Rozdział 16


Dziesięć po piątej Melander zabębnił w drzwi, odczekał pięć sekund, nacisnął klamkę, wsunął do środka swoje ponure pociągłe oblicze i powiedział:

– Chciałbym już wyjść. Mogę?

Nie było żadnych formalnych powodów, żeby musiał o to pytać, a mimo to robił tak dzień w dzień. Nigdy się natomiast nie zdarzyło, żeby meldował się rano.

– Jasne. Na razie – odparł Martin Beck i po sekundzie dodał: – Dziękuję za dzisiaj.

Kończyła się dniówka. Najpierw umilkły telefony, potem maszyny do pisania, stopniowo zamierały głosy, wreszcie ucichły kroki na korytarzach. O wpół do szóstej Martin Beck zadzwonił do domu.

– Zaczekać na ciebie z kolacją?

– Nie, jedzcie.

– Późno wrócisz?

– Nie wiem. Może tak.

– Wieki całe nie widziałeś dzieci.

Nie ulegało cienia wątpliwości, że je widział i słyszał przed niespełna dziewięcioma godzinami, o czym małżonka świetnie wiedziała.

– Martin?

– Słucham.

– Masz taki niewyraźny glos. Czy coś się dzieje?
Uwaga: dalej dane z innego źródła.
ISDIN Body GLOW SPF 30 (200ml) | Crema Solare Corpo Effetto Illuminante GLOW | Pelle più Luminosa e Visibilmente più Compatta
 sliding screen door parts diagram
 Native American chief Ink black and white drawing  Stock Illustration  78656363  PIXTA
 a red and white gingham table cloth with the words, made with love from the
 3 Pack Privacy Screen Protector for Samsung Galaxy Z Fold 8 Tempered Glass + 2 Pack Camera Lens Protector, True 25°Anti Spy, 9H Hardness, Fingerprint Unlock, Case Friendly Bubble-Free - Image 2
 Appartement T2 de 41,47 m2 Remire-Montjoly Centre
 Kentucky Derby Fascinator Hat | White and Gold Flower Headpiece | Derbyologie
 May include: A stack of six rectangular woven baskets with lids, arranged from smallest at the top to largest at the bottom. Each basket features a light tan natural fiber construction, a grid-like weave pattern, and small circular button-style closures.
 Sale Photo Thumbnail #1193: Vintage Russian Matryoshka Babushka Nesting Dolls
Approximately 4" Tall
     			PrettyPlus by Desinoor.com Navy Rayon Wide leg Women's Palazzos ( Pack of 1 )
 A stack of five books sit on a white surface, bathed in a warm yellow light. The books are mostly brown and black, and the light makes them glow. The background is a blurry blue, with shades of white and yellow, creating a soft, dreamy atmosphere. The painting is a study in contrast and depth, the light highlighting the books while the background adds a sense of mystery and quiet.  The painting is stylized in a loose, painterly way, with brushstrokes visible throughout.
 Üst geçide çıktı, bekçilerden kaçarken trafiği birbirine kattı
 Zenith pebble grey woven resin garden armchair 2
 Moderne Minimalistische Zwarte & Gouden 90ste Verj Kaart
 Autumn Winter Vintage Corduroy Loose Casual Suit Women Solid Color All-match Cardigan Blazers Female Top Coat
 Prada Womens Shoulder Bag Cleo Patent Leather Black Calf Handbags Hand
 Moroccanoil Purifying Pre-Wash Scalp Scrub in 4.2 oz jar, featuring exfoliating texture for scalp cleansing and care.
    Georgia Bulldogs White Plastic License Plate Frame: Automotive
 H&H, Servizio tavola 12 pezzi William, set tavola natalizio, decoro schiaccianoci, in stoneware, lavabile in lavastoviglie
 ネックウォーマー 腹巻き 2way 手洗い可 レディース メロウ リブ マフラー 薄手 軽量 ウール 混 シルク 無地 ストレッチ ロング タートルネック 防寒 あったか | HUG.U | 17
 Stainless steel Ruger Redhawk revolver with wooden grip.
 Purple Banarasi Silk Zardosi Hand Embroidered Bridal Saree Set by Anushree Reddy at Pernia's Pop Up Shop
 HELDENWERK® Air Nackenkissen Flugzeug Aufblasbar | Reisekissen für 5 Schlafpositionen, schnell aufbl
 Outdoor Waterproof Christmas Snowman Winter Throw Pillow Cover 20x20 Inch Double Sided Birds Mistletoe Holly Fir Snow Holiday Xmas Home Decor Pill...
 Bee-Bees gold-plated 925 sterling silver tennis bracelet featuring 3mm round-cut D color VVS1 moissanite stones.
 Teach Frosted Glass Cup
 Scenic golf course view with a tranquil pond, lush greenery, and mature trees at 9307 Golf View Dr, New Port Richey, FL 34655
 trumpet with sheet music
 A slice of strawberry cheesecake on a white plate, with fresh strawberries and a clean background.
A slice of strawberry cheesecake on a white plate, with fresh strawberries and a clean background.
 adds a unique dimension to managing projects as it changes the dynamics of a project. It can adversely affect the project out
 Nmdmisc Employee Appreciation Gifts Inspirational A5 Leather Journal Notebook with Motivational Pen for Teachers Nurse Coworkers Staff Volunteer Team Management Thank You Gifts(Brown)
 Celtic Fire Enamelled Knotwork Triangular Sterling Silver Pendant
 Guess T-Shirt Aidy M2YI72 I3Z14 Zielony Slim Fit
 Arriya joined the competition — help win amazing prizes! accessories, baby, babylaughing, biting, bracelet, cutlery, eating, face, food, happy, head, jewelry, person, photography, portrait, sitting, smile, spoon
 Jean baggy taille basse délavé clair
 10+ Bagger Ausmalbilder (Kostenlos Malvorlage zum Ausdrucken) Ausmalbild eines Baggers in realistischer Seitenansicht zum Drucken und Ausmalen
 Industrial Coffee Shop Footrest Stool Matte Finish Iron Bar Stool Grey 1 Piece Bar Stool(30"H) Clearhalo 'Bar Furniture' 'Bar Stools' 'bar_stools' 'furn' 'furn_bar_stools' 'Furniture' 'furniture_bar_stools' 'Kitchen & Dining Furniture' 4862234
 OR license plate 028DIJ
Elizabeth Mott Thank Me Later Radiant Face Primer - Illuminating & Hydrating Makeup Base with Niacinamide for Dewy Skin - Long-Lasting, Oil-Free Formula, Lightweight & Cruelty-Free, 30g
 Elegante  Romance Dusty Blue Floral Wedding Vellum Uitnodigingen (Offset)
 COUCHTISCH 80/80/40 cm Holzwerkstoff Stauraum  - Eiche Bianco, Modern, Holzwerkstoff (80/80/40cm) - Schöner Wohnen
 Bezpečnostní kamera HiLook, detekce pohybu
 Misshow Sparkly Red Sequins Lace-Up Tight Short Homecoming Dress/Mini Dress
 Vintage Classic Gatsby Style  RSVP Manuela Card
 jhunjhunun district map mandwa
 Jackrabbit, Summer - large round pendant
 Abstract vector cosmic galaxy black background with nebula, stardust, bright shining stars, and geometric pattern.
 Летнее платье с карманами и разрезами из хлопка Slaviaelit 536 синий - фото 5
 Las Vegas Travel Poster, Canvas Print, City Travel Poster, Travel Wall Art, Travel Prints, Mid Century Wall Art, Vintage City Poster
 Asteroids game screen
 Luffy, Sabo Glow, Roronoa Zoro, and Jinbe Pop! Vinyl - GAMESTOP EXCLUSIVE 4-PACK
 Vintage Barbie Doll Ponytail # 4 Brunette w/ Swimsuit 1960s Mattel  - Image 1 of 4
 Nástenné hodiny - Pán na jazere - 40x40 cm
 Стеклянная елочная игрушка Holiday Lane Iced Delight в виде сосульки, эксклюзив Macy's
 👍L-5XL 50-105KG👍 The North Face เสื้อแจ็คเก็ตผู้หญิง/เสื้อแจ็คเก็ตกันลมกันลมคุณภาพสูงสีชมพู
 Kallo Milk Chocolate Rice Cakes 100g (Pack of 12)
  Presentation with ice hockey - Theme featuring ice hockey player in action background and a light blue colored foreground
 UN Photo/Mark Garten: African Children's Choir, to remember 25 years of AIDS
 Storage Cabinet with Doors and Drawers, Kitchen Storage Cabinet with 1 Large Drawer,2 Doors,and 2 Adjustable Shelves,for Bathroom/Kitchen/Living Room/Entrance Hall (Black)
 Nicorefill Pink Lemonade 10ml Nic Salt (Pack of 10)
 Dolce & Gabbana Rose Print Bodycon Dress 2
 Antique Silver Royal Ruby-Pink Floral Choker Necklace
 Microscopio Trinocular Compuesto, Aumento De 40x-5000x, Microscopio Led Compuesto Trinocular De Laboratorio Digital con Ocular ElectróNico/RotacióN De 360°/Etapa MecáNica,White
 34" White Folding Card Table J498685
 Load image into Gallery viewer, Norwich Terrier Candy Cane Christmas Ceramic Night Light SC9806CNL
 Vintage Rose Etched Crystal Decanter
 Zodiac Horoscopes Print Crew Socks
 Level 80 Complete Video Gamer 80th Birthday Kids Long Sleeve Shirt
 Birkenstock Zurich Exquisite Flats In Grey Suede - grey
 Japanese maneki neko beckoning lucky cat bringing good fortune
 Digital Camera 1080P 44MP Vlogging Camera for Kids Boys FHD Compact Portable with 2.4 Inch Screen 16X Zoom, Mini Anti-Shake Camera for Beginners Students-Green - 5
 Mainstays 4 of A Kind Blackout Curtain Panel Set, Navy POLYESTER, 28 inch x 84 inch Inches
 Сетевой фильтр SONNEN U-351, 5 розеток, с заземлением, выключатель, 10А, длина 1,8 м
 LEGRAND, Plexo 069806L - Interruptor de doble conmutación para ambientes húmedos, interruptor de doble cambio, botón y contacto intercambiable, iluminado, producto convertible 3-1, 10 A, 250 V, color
– Nie, nic. Mamy dużo pracy.

– I to wszystko?

– Naturalnie.

I znów była taka jak zwykle. Jeszcze kilka wyświechtanych fraz i koniec rozmowy. Rozkojarzony, wciąż trzymał słuchawkę przy uchu. Usłyszał kliknięcie, potem zaległa głucha cisza. Jakby byli od siebie oddaleni o tysiące kilometrów. Jakby ostatni raz z sobą rozmawiali lata temu.

Zmarszczył czoło i westchnął, błądząc wzrokiem po papierach rozłożonych na biurku. Każda kartka coś mówiła o Roseannie McGraw i ostatnich dniach jej życia. Był tego pewien.

Ponowna lektura wydawała się bezsensowna, ale przypuszczalnie zaraz się do niej zabierze. Wyciągnął rękę po papierosa. Paczka była pusta. Cisnął ją do kosza i zaczął obmacywać marynarkę w poszukiwaniu nowej, niezaczętej. W ostatnich tygodniach palił dwa razy więcej niż zwykle, co dało się zauważyć w portfelu, o gardle nie wspominając. Najwyraźniej wyczerpał już swoje zapasy, bo w wewnętrznej kieszeni znalazł jedynie coś, czego w pierwszej chwili nie rozpoznał.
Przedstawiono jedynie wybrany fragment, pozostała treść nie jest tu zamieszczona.